What you are asked to do >>
Please find the lines in the following records that hold "Premium", and copy them.

┌────────

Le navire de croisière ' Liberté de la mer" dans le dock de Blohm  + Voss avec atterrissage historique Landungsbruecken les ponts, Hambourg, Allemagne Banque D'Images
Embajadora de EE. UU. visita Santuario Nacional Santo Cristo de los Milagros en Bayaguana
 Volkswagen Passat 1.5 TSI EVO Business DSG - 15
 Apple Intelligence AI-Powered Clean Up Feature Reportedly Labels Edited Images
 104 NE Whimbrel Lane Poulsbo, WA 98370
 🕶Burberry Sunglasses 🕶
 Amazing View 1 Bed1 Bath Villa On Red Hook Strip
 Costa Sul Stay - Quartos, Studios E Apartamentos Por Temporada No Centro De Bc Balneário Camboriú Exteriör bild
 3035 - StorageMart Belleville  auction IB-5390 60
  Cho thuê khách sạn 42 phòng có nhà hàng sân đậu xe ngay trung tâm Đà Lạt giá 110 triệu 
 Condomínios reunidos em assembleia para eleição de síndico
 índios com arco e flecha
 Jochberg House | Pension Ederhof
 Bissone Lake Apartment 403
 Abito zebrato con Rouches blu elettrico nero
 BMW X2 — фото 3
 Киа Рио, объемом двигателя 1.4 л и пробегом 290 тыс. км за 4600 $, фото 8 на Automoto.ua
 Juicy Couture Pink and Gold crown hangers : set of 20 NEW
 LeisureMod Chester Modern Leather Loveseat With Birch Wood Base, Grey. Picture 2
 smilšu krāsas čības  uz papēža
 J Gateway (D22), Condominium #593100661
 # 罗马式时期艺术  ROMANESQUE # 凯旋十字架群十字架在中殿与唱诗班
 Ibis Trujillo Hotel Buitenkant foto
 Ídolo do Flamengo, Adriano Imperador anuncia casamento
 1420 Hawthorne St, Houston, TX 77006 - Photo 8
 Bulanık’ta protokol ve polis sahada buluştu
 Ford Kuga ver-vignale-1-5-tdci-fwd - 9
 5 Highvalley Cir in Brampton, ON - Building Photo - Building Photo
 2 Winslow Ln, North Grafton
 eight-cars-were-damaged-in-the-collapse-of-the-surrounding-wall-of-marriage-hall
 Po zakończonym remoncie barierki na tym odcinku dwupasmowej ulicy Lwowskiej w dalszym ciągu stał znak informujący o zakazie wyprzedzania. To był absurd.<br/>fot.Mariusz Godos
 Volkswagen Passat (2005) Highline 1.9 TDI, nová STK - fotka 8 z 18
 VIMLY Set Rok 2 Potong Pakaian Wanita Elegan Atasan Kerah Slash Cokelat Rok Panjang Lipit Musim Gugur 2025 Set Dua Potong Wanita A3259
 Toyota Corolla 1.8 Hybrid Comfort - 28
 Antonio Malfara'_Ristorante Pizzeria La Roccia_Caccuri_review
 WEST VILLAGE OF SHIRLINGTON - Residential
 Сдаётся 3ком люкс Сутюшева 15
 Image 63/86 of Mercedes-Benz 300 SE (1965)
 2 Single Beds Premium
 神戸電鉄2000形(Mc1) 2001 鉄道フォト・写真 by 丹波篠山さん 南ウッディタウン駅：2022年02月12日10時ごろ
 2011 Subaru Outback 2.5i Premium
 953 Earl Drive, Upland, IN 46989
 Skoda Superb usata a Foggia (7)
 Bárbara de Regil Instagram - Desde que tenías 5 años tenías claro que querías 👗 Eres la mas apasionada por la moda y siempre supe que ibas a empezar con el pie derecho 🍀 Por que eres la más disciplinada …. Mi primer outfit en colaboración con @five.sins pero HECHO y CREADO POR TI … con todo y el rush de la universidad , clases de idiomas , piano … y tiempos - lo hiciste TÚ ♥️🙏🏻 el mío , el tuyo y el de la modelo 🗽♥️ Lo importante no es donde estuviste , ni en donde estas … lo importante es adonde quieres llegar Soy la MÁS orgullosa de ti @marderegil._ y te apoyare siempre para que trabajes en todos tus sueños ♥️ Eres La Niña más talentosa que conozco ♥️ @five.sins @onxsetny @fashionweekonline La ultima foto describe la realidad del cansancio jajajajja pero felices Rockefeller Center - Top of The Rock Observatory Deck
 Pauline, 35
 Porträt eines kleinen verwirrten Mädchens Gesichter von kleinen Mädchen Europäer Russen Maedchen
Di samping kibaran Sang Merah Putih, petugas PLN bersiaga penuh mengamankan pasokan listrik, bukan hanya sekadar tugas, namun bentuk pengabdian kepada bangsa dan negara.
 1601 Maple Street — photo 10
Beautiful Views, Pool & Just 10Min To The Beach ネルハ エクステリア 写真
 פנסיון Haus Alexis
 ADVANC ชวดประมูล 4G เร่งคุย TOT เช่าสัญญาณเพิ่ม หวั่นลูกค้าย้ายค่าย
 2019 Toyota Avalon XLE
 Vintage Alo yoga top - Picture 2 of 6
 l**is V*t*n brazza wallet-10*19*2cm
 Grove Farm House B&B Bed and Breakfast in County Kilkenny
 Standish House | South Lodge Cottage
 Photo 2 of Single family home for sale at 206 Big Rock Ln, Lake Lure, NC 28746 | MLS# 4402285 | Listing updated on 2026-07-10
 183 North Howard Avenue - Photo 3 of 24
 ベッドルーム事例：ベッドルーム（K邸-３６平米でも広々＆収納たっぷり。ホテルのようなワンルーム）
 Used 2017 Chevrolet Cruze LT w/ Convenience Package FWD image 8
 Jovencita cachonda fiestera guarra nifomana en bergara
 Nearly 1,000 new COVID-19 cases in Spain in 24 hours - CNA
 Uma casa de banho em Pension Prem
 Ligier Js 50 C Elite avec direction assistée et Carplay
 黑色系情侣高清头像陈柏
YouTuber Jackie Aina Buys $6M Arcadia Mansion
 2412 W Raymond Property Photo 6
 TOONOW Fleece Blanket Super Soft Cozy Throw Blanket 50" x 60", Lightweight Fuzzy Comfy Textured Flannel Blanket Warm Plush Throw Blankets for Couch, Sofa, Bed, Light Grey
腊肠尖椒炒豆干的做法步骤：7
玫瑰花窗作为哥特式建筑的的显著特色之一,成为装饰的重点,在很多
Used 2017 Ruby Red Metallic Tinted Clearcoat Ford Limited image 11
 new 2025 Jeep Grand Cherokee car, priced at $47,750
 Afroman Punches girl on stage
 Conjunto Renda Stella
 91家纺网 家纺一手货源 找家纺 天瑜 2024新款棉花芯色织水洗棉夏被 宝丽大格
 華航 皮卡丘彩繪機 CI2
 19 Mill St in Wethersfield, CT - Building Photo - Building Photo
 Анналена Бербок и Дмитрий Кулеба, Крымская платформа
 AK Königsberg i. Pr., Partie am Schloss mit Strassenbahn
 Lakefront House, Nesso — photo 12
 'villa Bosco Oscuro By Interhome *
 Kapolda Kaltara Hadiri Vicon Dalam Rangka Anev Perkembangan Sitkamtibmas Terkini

└────────

Solution for this exercise >>
 2 Single Beds Premium
 2011 Subaru Outback 2.5i Premium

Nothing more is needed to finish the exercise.